* _PROVIDED RECORDS_
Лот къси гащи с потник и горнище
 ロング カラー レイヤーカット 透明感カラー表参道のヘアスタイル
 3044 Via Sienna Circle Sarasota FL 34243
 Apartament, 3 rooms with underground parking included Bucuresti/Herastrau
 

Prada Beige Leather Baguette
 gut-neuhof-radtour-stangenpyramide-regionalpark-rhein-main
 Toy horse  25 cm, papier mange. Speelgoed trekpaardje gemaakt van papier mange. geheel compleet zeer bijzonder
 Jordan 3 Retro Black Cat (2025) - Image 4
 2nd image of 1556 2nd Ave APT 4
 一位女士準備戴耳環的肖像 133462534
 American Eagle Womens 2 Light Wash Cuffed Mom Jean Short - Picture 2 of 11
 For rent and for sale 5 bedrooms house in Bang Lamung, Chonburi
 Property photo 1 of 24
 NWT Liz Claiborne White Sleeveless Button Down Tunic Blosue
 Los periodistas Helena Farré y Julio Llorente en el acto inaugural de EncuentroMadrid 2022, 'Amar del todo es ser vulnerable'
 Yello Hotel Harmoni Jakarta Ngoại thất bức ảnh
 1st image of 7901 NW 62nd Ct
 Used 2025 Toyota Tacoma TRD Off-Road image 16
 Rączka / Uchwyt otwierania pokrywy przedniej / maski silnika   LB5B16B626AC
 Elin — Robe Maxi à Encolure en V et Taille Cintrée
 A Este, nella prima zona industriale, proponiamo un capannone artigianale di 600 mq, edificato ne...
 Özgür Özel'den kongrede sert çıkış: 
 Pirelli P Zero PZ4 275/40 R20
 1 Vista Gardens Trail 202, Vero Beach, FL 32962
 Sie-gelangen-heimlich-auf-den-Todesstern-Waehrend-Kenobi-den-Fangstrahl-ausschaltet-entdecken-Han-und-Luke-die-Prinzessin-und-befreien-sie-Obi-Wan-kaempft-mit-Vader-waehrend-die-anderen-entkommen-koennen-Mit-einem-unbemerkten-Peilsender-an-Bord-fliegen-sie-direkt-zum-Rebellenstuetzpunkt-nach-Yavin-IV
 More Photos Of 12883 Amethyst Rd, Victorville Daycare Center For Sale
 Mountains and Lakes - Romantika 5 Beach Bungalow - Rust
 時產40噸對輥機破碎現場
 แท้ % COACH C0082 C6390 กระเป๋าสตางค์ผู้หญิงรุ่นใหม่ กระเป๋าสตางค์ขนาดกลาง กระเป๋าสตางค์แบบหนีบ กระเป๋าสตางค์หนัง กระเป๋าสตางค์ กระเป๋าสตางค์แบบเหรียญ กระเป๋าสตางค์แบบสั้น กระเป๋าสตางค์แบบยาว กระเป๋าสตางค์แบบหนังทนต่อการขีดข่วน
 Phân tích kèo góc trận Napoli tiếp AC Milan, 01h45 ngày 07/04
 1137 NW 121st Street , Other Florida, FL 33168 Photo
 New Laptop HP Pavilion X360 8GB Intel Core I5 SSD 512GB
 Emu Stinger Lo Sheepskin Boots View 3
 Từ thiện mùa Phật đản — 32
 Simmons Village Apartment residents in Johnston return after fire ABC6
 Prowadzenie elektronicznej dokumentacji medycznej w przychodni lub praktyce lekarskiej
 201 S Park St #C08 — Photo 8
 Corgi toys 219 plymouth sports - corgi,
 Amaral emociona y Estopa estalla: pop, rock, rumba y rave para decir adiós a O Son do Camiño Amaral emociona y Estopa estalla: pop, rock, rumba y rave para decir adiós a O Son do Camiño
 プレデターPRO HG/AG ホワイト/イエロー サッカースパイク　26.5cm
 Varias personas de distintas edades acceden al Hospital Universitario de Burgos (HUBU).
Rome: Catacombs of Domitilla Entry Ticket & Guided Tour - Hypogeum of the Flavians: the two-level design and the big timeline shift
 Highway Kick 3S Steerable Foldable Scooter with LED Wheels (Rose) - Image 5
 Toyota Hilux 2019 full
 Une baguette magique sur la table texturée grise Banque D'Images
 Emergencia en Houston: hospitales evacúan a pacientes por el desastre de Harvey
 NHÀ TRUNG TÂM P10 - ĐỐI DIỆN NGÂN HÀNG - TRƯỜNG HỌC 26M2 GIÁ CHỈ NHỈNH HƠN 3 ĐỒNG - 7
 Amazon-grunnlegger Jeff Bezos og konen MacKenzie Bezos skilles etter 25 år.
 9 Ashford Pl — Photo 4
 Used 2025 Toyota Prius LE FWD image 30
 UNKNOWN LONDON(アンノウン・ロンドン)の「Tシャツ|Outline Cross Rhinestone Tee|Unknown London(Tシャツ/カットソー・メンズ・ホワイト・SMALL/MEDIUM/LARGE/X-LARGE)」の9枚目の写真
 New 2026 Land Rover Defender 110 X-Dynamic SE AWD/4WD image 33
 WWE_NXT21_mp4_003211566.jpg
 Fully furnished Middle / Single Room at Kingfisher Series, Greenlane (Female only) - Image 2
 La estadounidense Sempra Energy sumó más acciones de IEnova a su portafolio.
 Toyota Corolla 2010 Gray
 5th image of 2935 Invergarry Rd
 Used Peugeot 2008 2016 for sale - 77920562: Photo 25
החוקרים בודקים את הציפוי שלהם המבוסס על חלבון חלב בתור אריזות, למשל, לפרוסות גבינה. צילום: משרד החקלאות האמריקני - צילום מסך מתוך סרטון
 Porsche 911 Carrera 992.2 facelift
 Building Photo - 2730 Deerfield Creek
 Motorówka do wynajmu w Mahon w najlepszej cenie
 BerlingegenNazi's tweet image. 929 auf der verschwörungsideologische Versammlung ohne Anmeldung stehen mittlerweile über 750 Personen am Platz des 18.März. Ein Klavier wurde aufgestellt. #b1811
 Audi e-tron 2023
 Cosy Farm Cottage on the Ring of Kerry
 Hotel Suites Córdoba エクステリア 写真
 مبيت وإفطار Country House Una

* _EXERCISE AIM_
When a line in the records above holds "ホワイト", that line is to be reported.

* _RESPONSE AREA_
 プレデターPRO HG/AG ホワイト/イエロー サッカースパイク　26.5cm
 UNKNOWN LONDON(アンノウン・ロンドン)の「Tシャツ|Outline Cross Rhinestone Tee|Unknown London(Tシャツ/カットソー・メンズ・ホワイト・SMALL/MEDIUM/LARGE/X-LARGE)」の9枚目の写真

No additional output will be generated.